Le droit pénal européen se fabrique peu à peu. Il a avancé en matière de procédure pénale, par exemple sur la garde à vue ou les droits des victimes. Sur le fond, il est encore un peu pauvre, même s’il existe une directive sur la traite qui contraint à harmoniser les infractions. On laisse pour l’instant une marge d’appréciation considérable aux Etats en ce qui concerne l’organisation de la justice pénale des mineurs. Mais on se dirige vers une harmonisation européenne. D’autant que les pays de l’Union ont quand même beaucoup de points communs dans ce domaine. Les différences se trouvent plutôt dans la réception des textes, comme dans le cas de la Roumanie, qui a fait des efforts considérables pour que son droit des mineurs lui permette d’entrer dans l’Union européenne. Mais que fait-on concrètement de ce droit et a-t-on les moyens de le mettre en œuvre ? La question se pose aussi en France. La protection judiciaire de la jeunesse a-t-elle les moyens d’accompagner les jeunes qui lui sont confiés ?

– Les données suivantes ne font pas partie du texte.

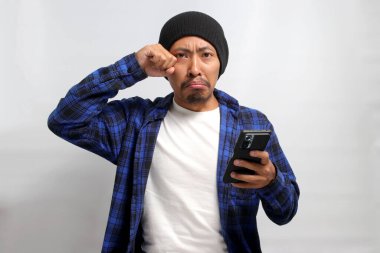 Mutsuz Asyalı bir adam, bereli bir şapka ve günlük bir gömlek giymiş, bir telefon tutuyor, üzgün, endişeli ya da belki de internetten gelen üzücü habere tepki olarak gözyaşı döküyor.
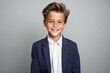 © Inigo - Portrait of a smiling little boy in a suit. Studio shot.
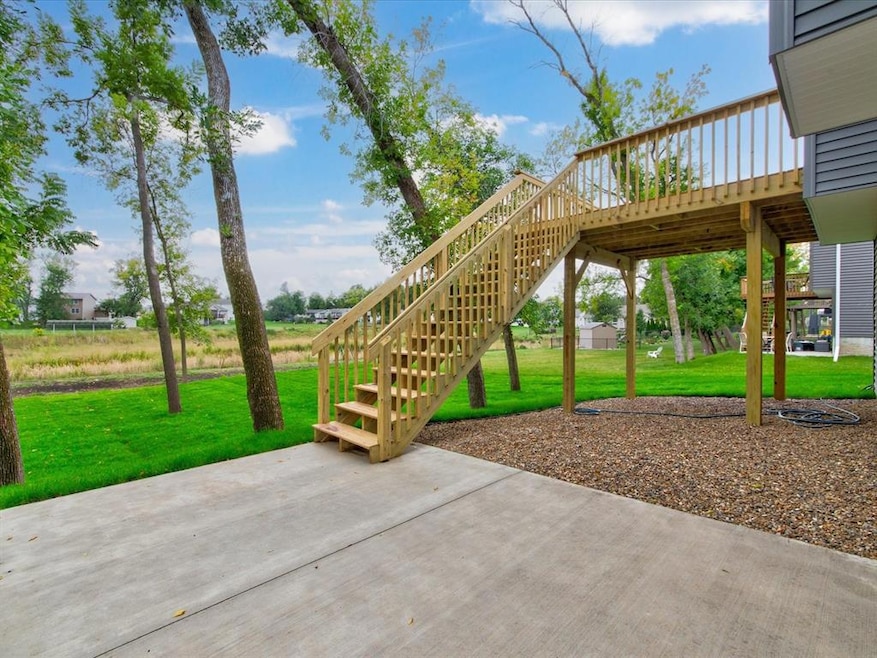 Enjoy nature from the deck or patio lot backs up t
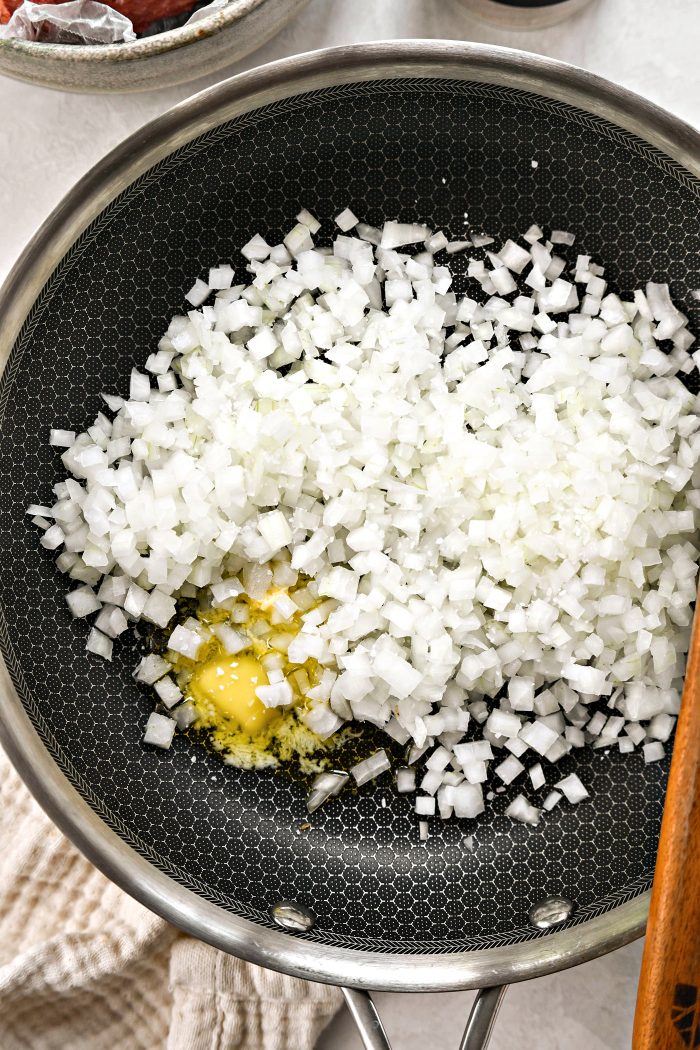 butter and onions in skillet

Le risque existe. Dans les textes, on a pu observer une régression de sa spécificité. Mais ces régressions textuelles n’ont pas été autant suivies d’effets que le pouvoir politique l’aurait souhaité dans les années 2002-2012. Sur le terrain, les juges pour enfants demeurent protectionnistes. La plupart d’entre eux continuent à travailler dans l’esprit de l’ordonnance de 1945. On en arrive donc à un véritable décalage entre ce que dit le droit et ce que les juges, qui disposent d’une marge d’appréciation importante, font dans la réalité.
Christine Lazerges, juriste, est professeure émérite à l’université Paris-1 Panthéon-Sorbonne et présidente de la commission nationale consultative des droits de l’Homme. Avec la juriste Geneviève Giudicelli-Delage, elle a codirigé La minorité à contresens. Enfants en danger, enfants délinquants (Ed. Dalloz, 2014). Elles ont également codirigé La dangerosité saisie par le droit pénal (Ed. PUF, 2011).